Reconocerse y comprender que se es parte de un todo, que este es más que la suma de sus partes, y que pierde entidad y propósito cuando pierde componentes, y al mismo tiempo entender que fuera del todo ninguna parte tiene significado y valor, es un enorme salto de la razón. Un salto hacia la condición humana. De algún modo podría decirse que a los humanos se nos ha concedido el don de la razón y que se nos lo concedió con una condición: honrarla. Es decir, ejercerla.
La palabra don proviene del latín donum, que significa ofrenda o regalo.
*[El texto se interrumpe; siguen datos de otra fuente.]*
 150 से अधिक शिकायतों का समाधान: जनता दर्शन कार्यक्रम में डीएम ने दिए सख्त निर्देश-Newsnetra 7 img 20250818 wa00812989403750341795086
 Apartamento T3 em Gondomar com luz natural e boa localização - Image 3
Y tiene la misma raíz que el verbo donare, cuyo significado es dar. Un don es algo que se nos da, una gracia que se nos otorga. Merece respeto, no se debe despreciar. Quien desprecia la razón no ejerciéndola abdica de su propia condición humana. En los tiempos que corren la deserción de la razón, el desprecio hacia ella, su denigrante olvido, ofrece ejemplos a diario y en casi todos los escenarios de la vida. Está en las permanentes peleas callejeras por motivos absurdos, en los femicidios, en las tribunas de los estadios (y adentro de los campos de juego), en los discursos de los políticos, muchas veces más irrazonables cuando más cerca se sienten del poder, en rencillas familiares, en el resentimiento que desde el anonimato y con cobardía se exhibe en las redes sociales, en la forma de conducir vehículos, en el lenguaje y comportamiento de tantos personajes de los medios, algunos de los cuales se presentan como comunicadores, en la creciente falta de respeto a mínimas y elementales normas de convivencia. La irracionalidad no solo abunda, sino que a menudo se exhibe como mérito, con prepotencia.
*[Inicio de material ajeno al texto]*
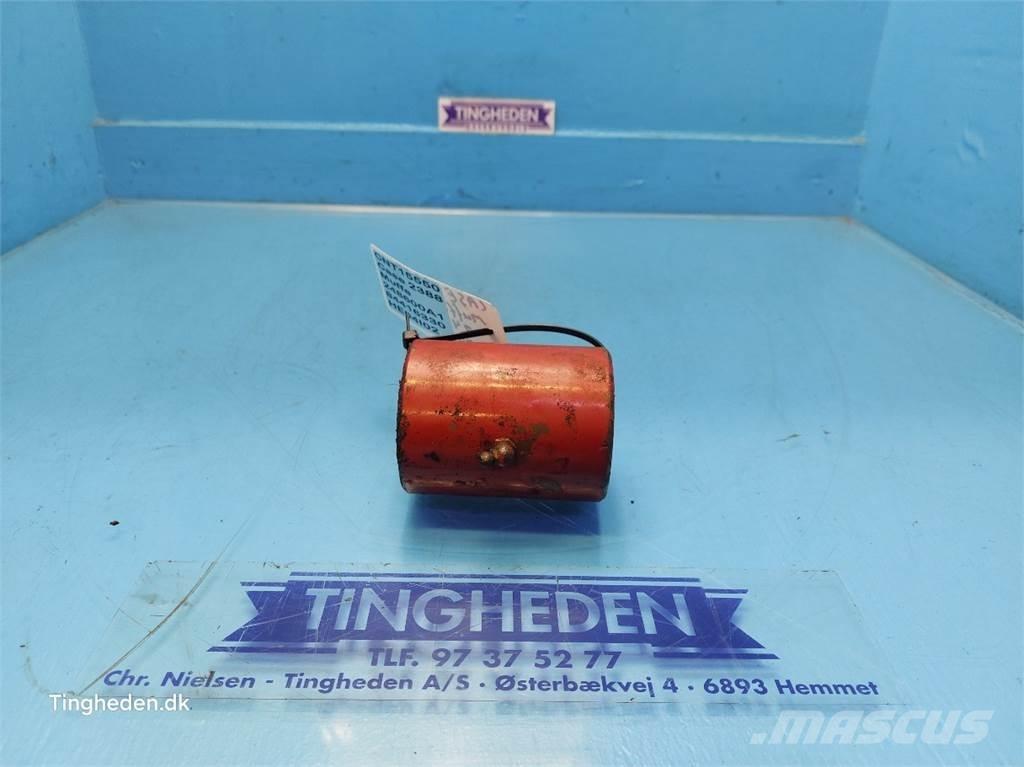 CASE 2388 Skurtresker tilbehør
Cuando la razón se oscurece la figura del otro desaparece. El prójimo (es decir, el próximo, el congénere, el de la misma especie, la humana) deja de ser un individuo como uno, hecho de la misma arcilla, y es considerado una cosa. Una cosa con la que se puede hacer lo que a uno se le antoje, desde ignorarlo hasta mancillarlo o matarlo. Apagada la razón se apaga la moral, que, en síntesis, es un pacto no escrito por el cual nos comprometemos a actuar unos con los otros con respeto, honestidad, sinceridad, responsabilidad. Sin reconocimiento del otro como parte (parte diferente) del mismo todo, no hay posibilidad de empatía, de compasión, de generosidad, de solidaridad, de amor.
En La Preminencia del Amor, su Primera Carta a los Corintios, dice San Agustín: “Aunque hablara todas las lenguas de los hombres y de los ángeles, si me falta el amor sería como bronce que resuena o campana que retiñe. Aunque tuviera el don de profecía y descubriera todos los misterios, -el saber más elevado-, aunque tuviera tanta fe como para trasladar montes, si me falta el amor nada soy”. No es necesario ser creyente para que la esencia humana de quien lea o escuche estas palabras sea tocada y conmovida por ellas. Para comprenderlas en su profundidad, es la llave de la razón la que debe abrir las puertas del sentimiento y de la emoción. Cuando razón, sentimiento y emoción confluyen en una misma argamasa, amanece lo humano. Cuando no, desaparece.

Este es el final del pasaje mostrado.